▶ What to produce
In the records below, the line with "WAHL Stainless Steel" and every line after it must be written out exactly; no pictures belong in the result.

▶ Data to process
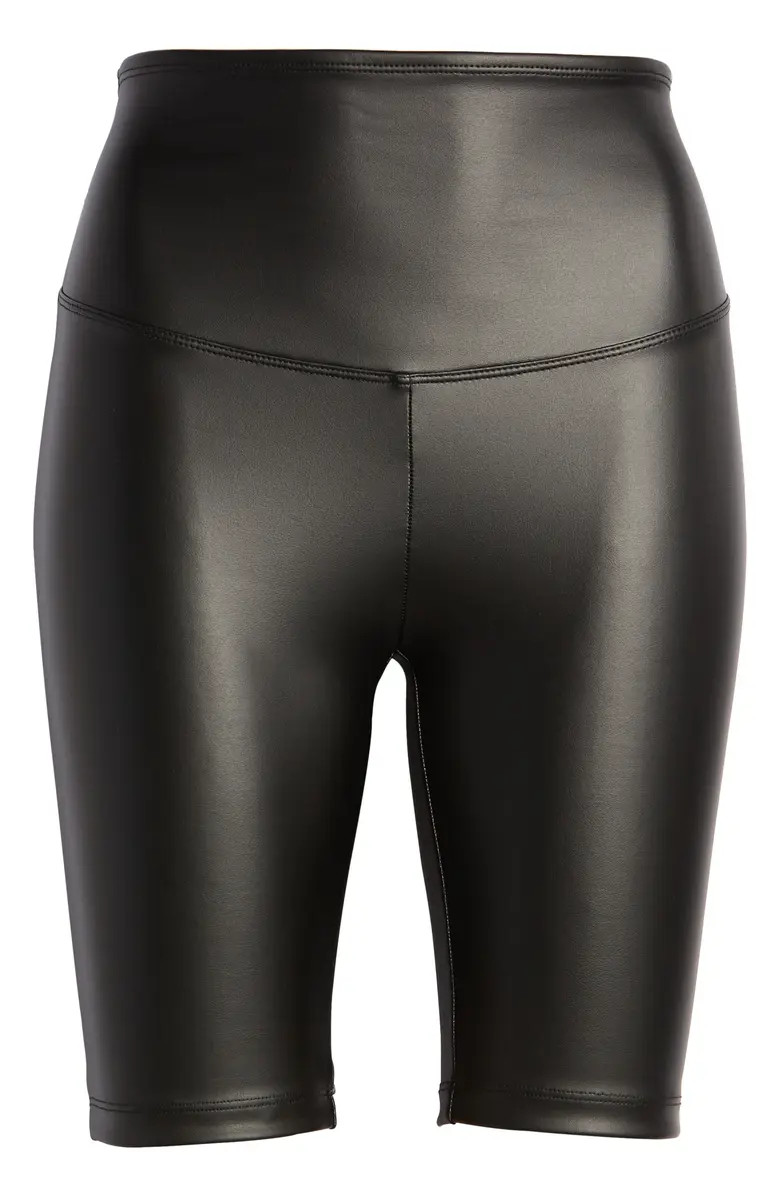 High Waist Faux Leather Bike Shorts | Nordstrom Rack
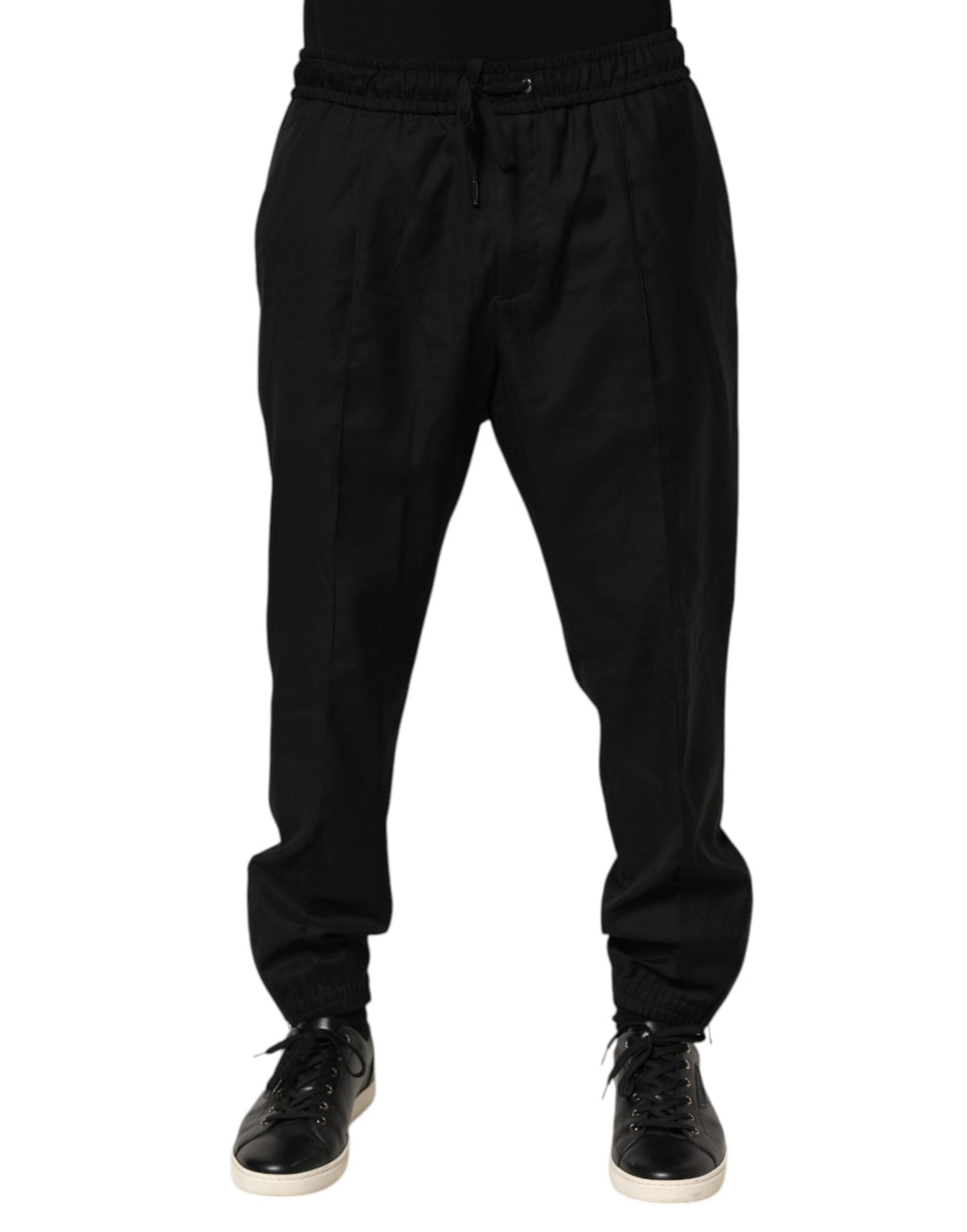 Dolce & Gabbana Schwarzer Kordelzug Männer Jogger Sweatpants Hosen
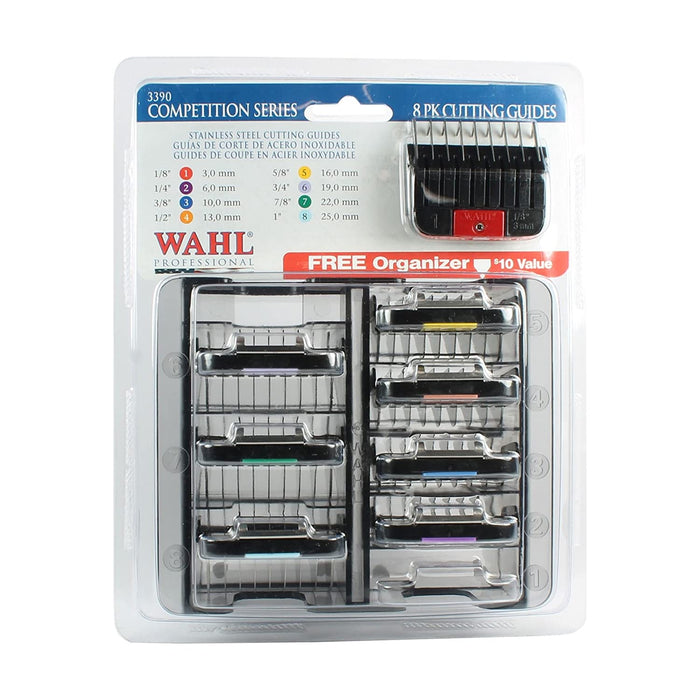WAHL Stainless Steel Attachment Guide Combs Model #WA-03390, UPC: 043917339009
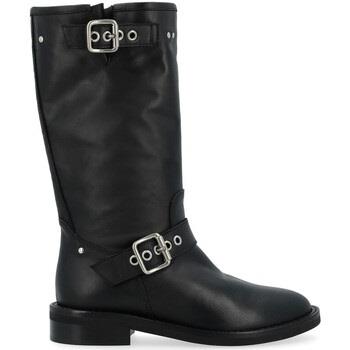 Bottes Via Roma 15 Botte motard en cuir noir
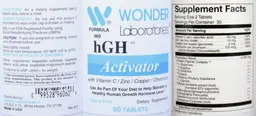Label for hGH Activator
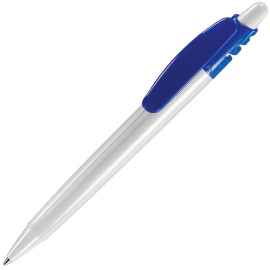 X-8, ручка шариковая, синий/белый, пластик, Цвет: белый, синий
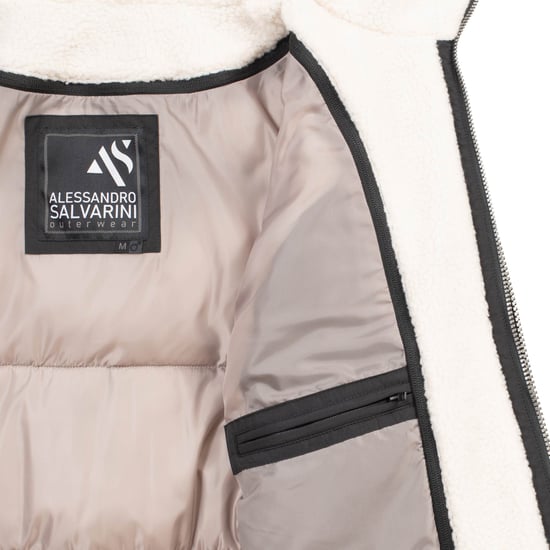 Alessandro Salvarini Herren Winter Steppjacke AS-457 – 2in1 Mit Herausnehmbarem Teddyfleece & Doppelkappe - Image 6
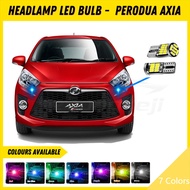 [Ready Stock] PERODUA AXIA LOW BEAM HEADLIGHT T10 LED BULB Small Headlamp Head Lamp Mentol Lampu Kec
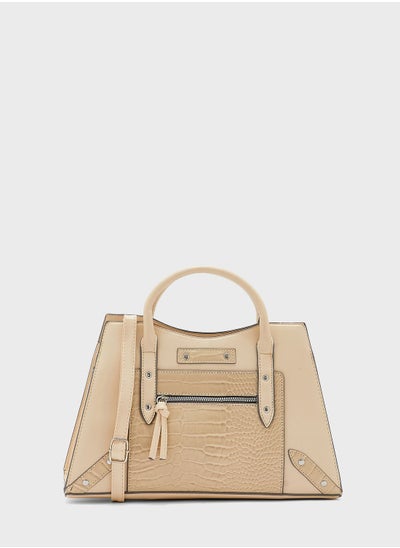 Buy Croc Detail Tote Bag in UAE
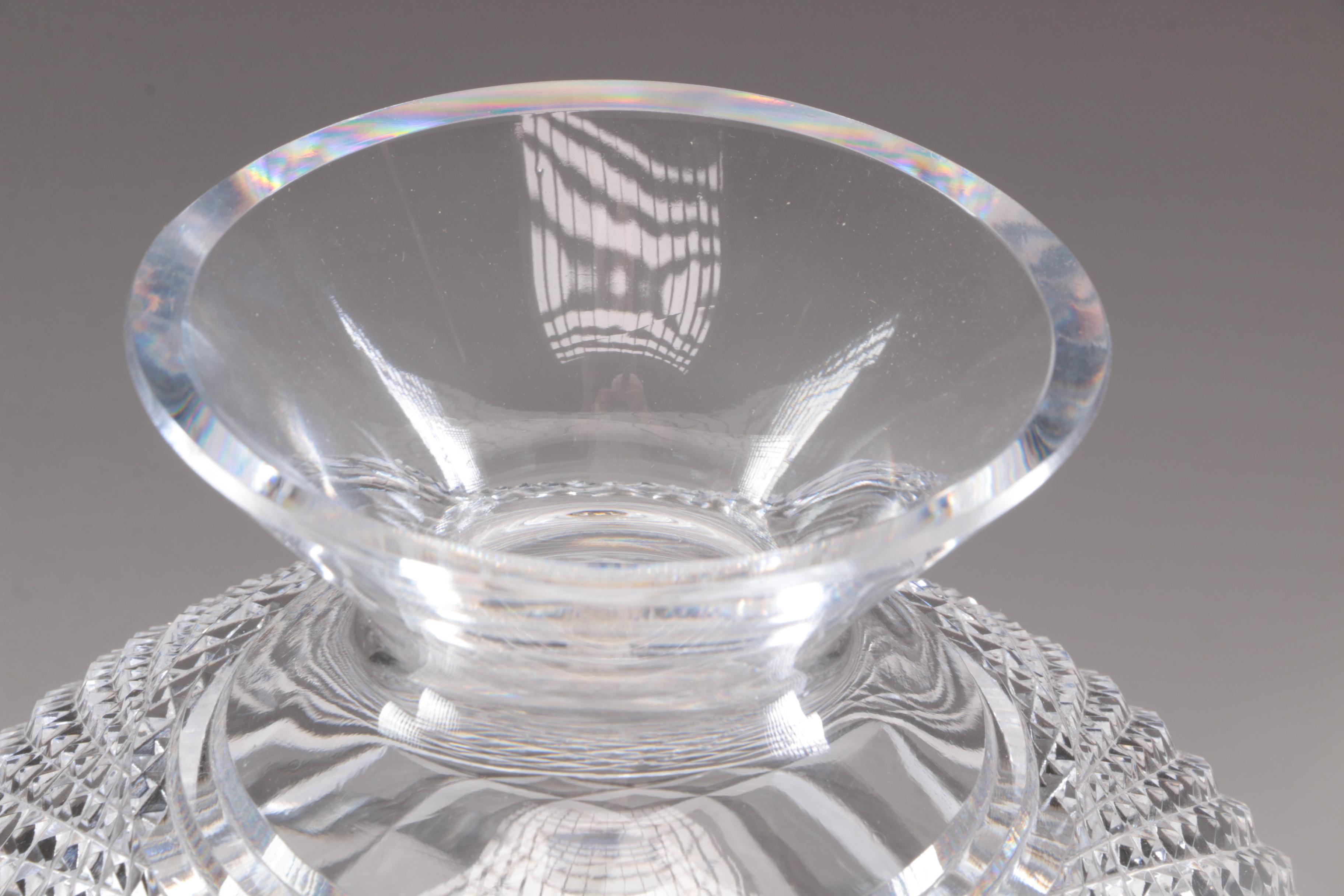 Waterford Crystal "Inishmaan" Hurricane Lamp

▶ The completed task
WAHL Stainless Steel Attachment Guide Combs Model #WA-03390, UPC: 043917339009
 Bottes Via Roma 15 Botte motard en cuir noir
Label for hGH Activator
 X-8, ручка шариковая, синий/белый, пластик, Цвет: белый, синий
 Alessandro Salvarini Herren Winter Steppjacke AS-457 – 2in1 Mit Herausnehmbarem Teddyfleece & Doppelkappe - Image 6
 [Ready Stock] PERODUA AXIA LOW BEAM HEADLIGHT T10 LED BULB Small Headlamp Head Lamp Mentol Lampu Kec
 Buy Croc Detail Tote Bag in UAE
 Waterford Crystal "Inishmaan" Hurricane Lamp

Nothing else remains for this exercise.